1ère piste : ne rien préférer au Christ. Une terrible exigence, sans doute, mais qui nous permettra de toujours accorder plus d’importance à sa Parole plutôt qu’à une parole humaine. Père, mère, frère et sœur peuvent, quelques fois intentionnellement, nous éloigner de ce que Dieu attend de nous. Mettre le Christ au cœur de sa vie, c’est se garantir une totale liberté pour accomplir en tout ce que Dieu attend de celui qui se fait son disciple. C’est vrai des religieux, religieuses et prêtres ; c’est vrai aussi de ceux qui s’engagent dans la vie matrimoniale. Le sacrement du mariage manifeste bien que les nouveaux époux se reçoivent de Dieu, pour réaliser ensemble, par toute leur vie commune, ce que Dieu attend d’eux.

2ème piste : accepter de prendre sa croix. Voilà qui nous rappelle que la volonté de Dieu peut nous entraîner sur des chemins difficiles. Non pas que Dieu aime que l’homme souffre, mais simplement parce que faire le choix du Christ peut être mal reçu par d’autres et entraîner des ruptures, voire des conflits. Il n’a jamais été facile d’être chrétien : ni à l’origine – les martyrs sont là pour nous le rappeler – ni aujourd’hui – où l’air du temps semble tellement loin des pratiques évangéliques. Prendre sa croix, c’est refuser alors cet air du temps, et tenir bon dans les épreuves qui nous sont imposés par d’autres, à cause de notre foi.

 3ème piste : prendre le temps de s’asseoir. Dans le monde  trépidant que nous connaissons, alors même que nous courons constamment après le temps, Jésus nous invite à nous asseoir, à réfléchir. Il nous invite à faire ce que lui-même fait si souvent dans l’Evangile avant tous les grands instants de sa vie : il se retire au désert, il prie, il se met en intimité avec Dieu. S’asseoir, prendre du temps auprès du divin Maître pour mieux repartir, pour mieux découvrir ce que Dieu attend : étape nécessaire pour être sûr de ne pas se tromper, de ne pas se laisser entraîner par ses propres passions ou illusions. S’asseoir pour mieux repartir avec le Christ à la rencontre du Dieu vivant et vrai.
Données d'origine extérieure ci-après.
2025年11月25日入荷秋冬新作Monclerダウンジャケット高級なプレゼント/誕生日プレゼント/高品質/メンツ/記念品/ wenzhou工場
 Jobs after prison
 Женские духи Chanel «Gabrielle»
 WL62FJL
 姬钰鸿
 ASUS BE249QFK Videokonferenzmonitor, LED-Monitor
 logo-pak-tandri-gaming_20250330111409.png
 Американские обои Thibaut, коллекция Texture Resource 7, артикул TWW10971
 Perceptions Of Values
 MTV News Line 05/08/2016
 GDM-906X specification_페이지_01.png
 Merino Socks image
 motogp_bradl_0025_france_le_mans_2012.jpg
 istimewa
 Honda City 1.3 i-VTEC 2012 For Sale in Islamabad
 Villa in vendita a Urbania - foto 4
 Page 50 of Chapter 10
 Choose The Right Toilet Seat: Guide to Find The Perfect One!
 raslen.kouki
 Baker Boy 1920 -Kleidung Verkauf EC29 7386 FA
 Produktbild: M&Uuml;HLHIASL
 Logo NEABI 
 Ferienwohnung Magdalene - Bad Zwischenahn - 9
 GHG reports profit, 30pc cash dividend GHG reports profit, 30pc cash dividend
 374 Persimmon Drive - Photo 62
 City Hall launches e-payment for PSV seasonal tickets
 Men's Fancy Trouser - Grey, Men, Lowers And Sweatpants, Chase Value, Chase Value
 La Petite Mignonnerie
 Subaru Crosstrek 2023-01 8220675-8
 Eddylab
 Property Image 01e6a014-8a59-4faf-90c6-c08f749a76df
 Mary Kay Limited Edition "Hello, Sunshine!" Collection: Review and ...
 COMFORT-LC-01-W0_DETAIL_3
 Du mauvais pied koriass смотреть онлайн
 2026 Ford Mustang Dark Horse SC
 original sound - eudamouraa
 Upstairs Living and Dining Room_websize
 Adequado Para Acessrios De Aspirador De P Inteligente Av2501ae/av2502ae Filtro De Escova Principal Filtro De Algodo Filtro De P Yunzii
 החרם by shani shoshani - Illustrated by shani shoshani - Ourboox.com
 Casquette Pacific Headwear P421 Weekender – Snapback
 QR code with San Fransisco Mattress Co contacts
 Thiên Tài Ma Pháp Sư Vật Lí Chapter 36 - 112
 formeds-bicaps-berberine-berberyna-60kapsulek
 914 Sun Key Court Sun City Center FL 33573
 Qui peut comprendre les volontés du Seigneur ? Je dirai tout simplement le vrai disciple, celui qui marche avec le Christ, quelles que soient les difficultés, celui qui se laisse façonner par son Esprit Saint, celui qui se fait humble et attend finalement de Dieu la révélation de son projet d’amour. Puisse notre fréquentation de l’Eucharistie nous permettre d’entrer dans cette intimité où Dieu se révèle à nous pour nous rendre vraiment libres et vraiment vivants. Amen.